Write the lines below out exactly, dropping each picture.
START DATA SHOWN
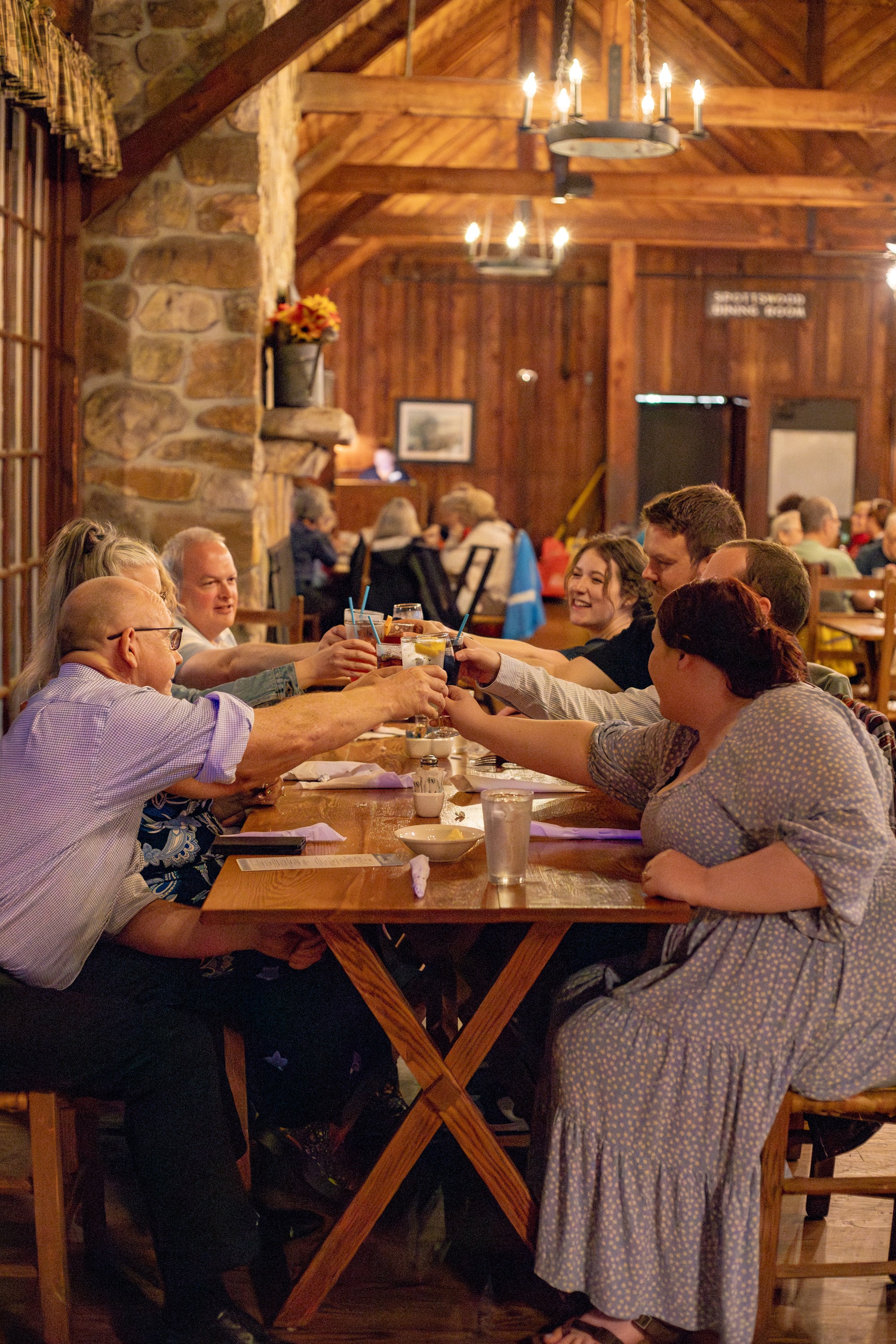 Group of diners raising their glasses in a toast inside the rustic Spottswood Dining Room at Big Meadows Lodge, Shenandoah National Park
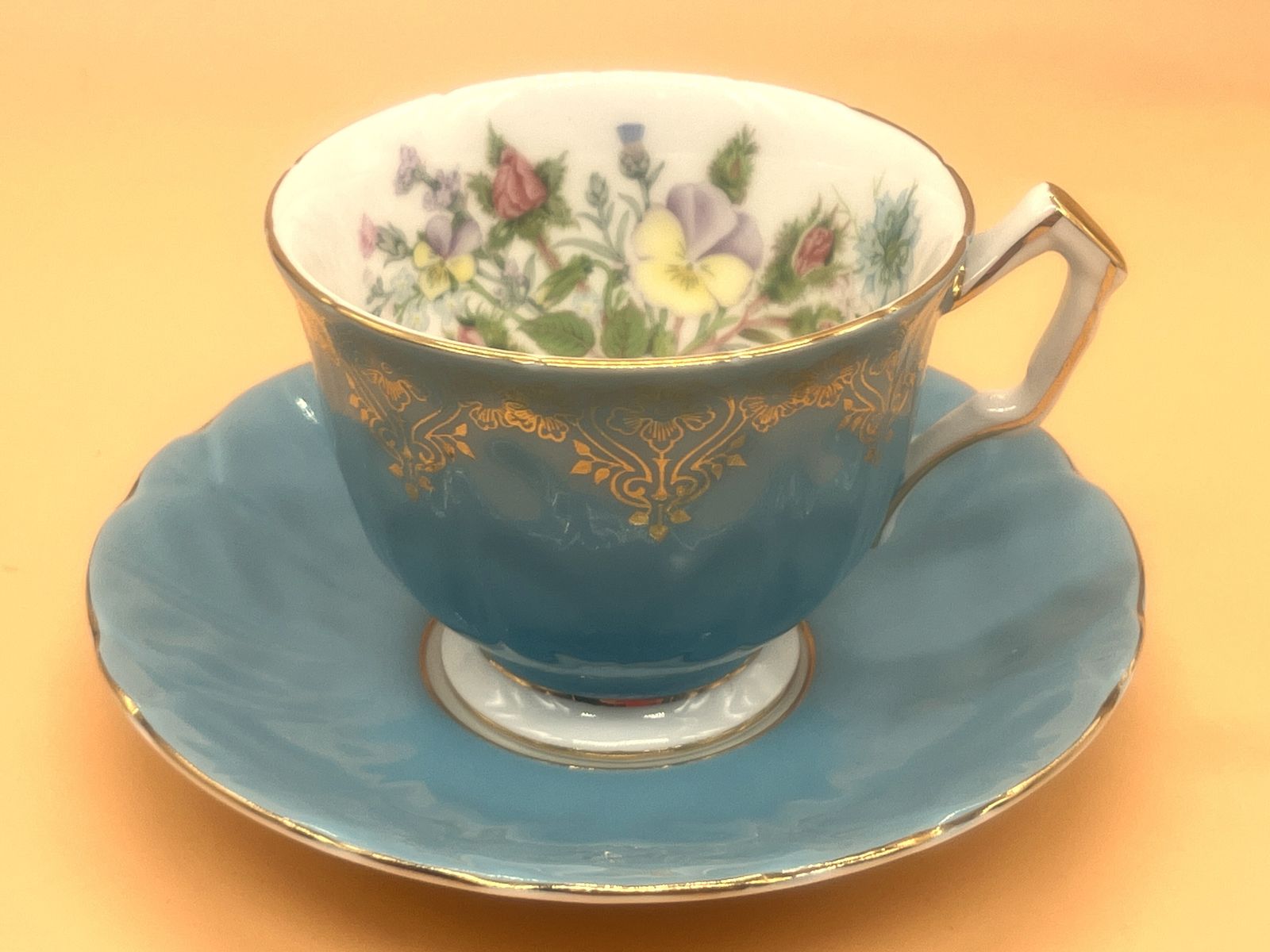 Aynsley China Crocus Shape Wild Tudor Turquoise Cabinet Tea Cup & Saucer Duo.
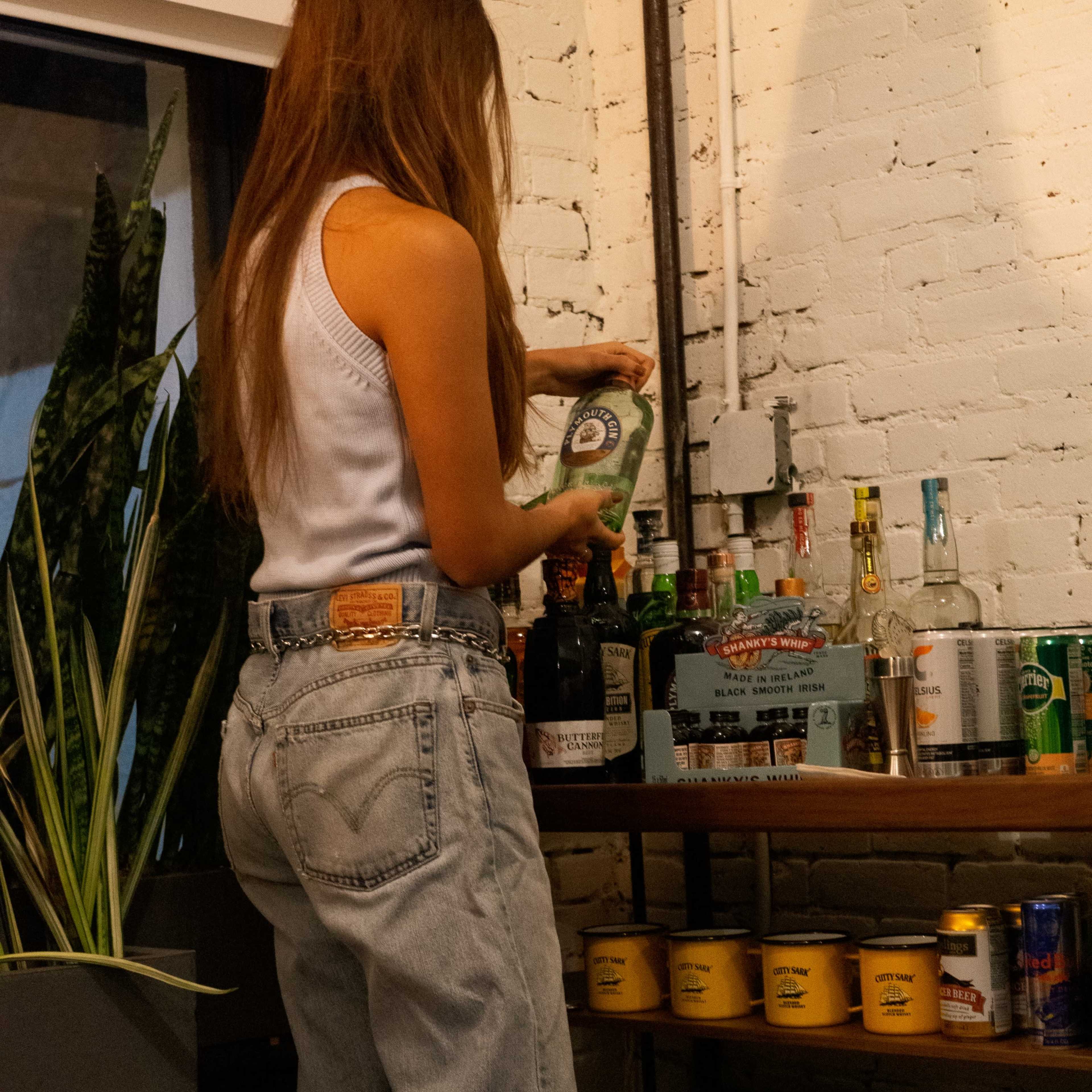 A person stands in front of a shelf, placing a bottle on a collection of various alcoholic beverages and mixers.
END DATA SHOWN
▸ COMPLETED TASK
 Group of diners raising their glasses in a toast inside the rustic Spottswood Dining Room at Big Meadows Lodge, Shenandoah National Park
 Aynsley China Crocus Shape Wild Tudor Turquoise Cabinet Tea Cup & Saucer Duo.
 A person stands in front of a shelf, placing a bottle on a collection of various alcoholic beverages and mixers.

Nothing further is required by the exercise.